**Work order**.
With pictures excluded, repeat exactly the lines from the one containing "MID CENTURY PEDESTAL" through the last line of the material below.

[[ Dataset content open ]]

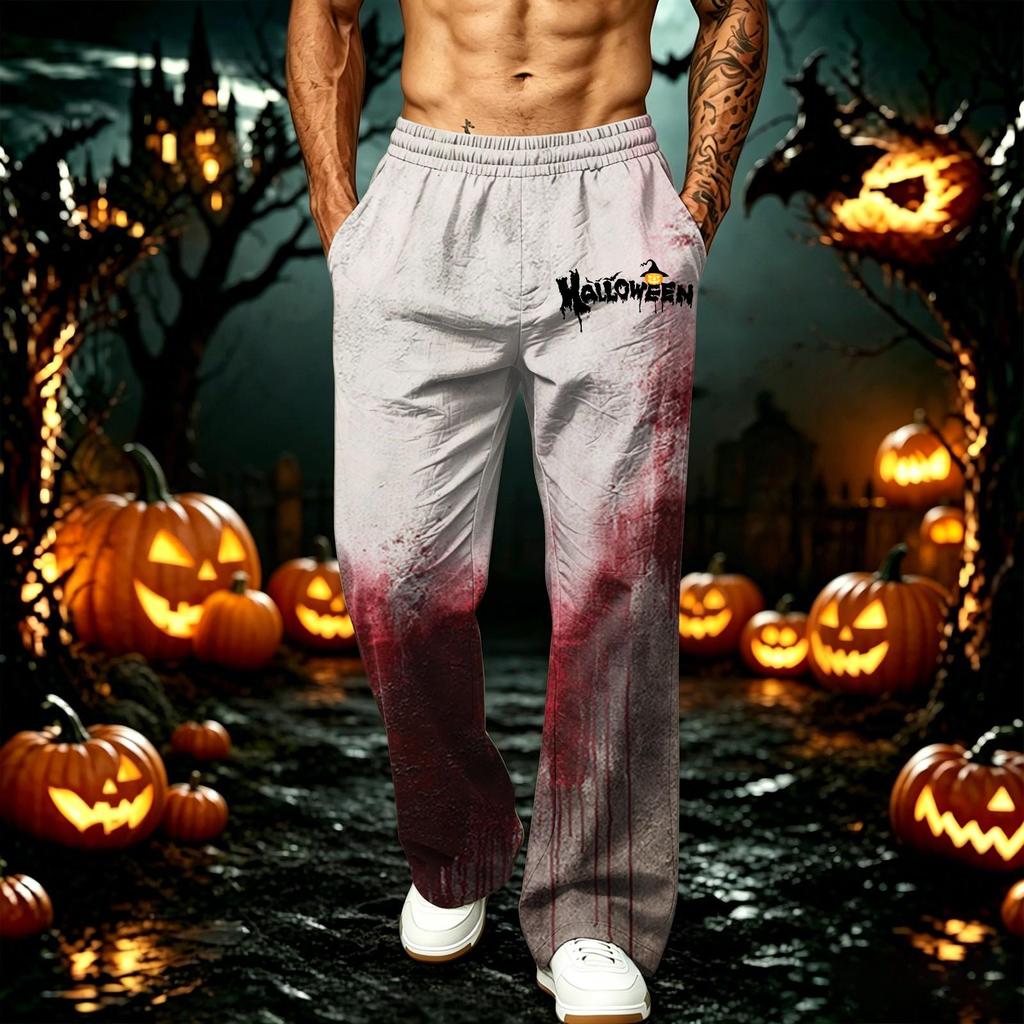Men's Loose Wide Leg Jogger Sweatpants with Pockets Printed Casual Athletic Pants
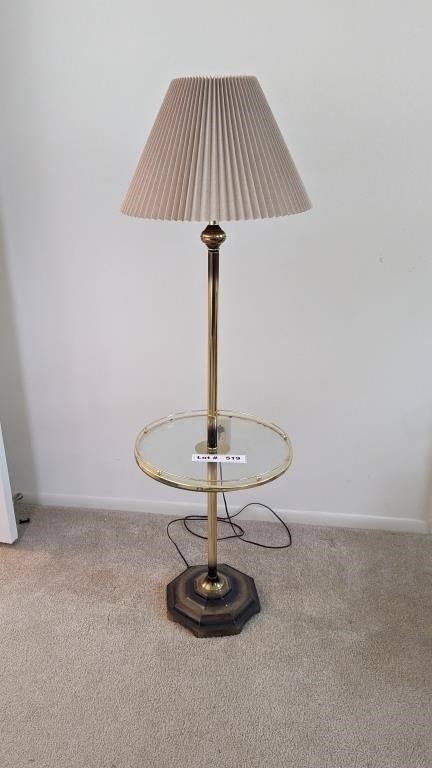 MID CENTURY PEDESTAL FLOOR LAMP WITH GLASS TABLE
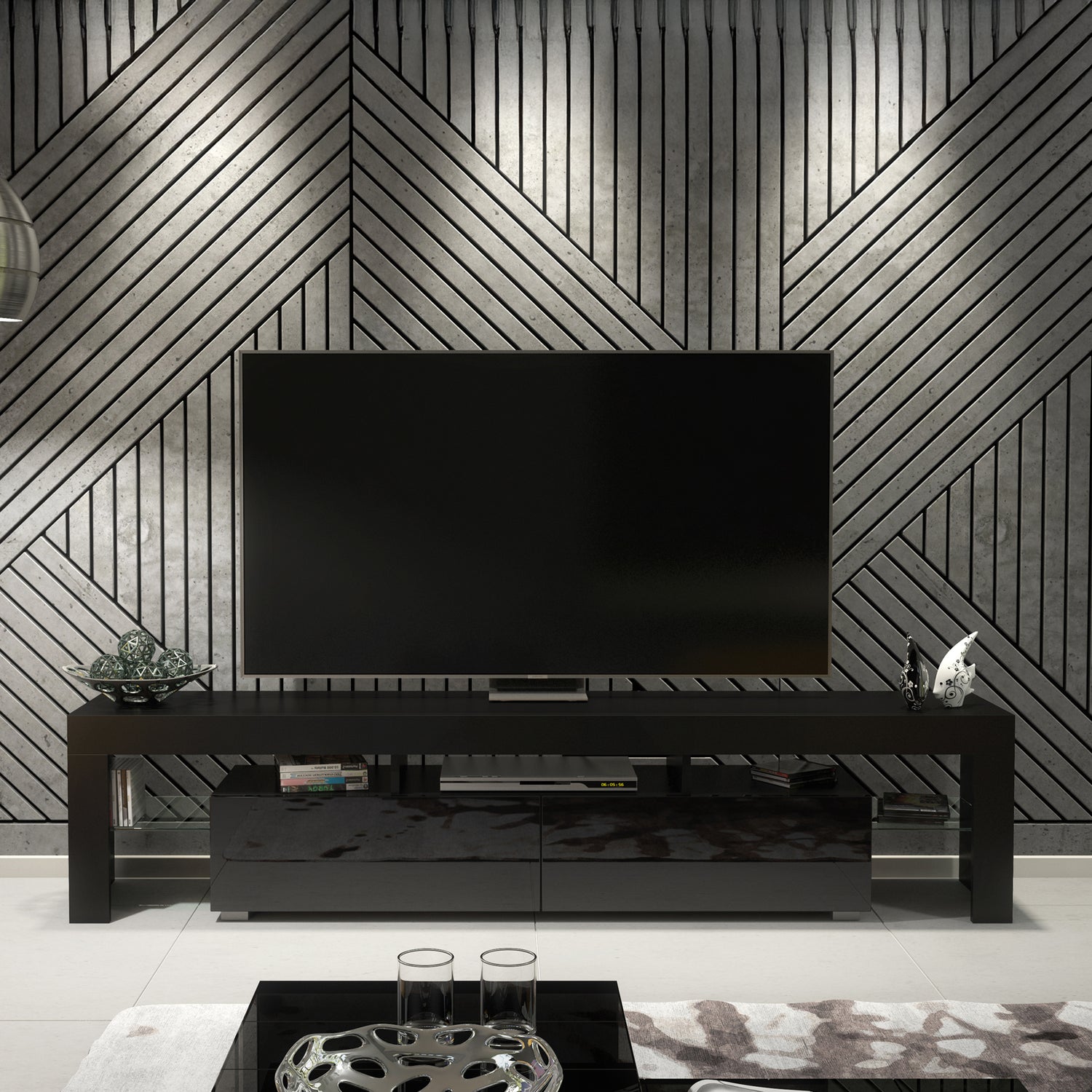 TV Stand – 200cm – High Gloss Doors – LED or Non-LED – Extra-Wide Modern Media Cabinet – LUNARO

[[ Dataset content closed ]]

**Answer box**.
 MID CENTURY PEDESTAL FLOOR LAMP WITH GLASS TABLE
 TV Stand – 200cm – High Gloss Doors – LED or Non-LED – Extra-Wide Modern Media Cabinet – LUNARO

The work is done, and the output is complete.